Italian government economic project

The Cassa del Mezzogiorno ("Fund for the South") was a public effort by the government of Italy to stimulate economic growth and development in Southern Italy (also known as the Mezzogiorno). It was established in 1950 primarily to encourage the development of public works and infrastructure (roads, bridges, hydroelectric and irrigation) projects, and to provide credit subsidies and tax advantages to promote investments. It was dissolved in 1984, although its mandate was maintained by successive, less centralized institutions.

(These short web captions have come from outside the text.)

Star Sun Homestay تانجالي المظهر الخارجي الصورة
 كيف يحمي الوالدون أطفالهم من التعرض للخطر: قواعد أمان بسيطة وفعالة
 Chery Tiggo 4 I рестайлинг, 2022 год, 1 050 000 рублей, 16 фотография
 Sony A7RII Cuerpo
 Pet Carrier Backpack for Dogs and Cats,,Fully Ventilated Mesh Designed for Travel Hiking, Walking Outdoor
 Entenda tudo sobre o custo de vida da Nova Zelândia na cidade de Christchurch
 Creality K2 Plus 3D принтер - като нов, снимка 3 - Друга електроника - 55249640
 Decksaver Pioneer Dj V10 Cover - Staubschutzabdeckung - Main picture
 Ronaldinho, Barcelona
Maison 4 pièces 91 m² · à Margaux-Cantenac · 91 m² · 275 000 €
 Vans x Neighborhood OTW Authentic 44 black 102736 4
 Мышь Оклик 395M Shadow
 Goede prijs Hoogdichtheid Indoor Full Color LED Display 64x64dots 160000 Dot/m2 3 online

It focused mostly on rural areas and many say that it assisted Southern Italy to enter the modern world, although there is evidence that some of the funds were squandered due to poor financial management by the local southern governments. Historian Denis Mack Smith noted, in the 1960s, that about a third of the money was squandered. Steel mills and other projects were promised but never built, and many irrigation projects and dams were never completed as intended. Another reason the project was less successful than hoped is because the various organized criminal syndicates used the funds for other purposes.

The government-led industry that was created was marginal, but the need for skilled labour led to a drop in southern unemployment. Italian journalist Luigi Barzini also noted that funds were usually given to major Italian companies to build large scale, highly automated manufacturing plants, requiring huge amounts of money to build and needing minimal staffing due to the automated nature of the plants.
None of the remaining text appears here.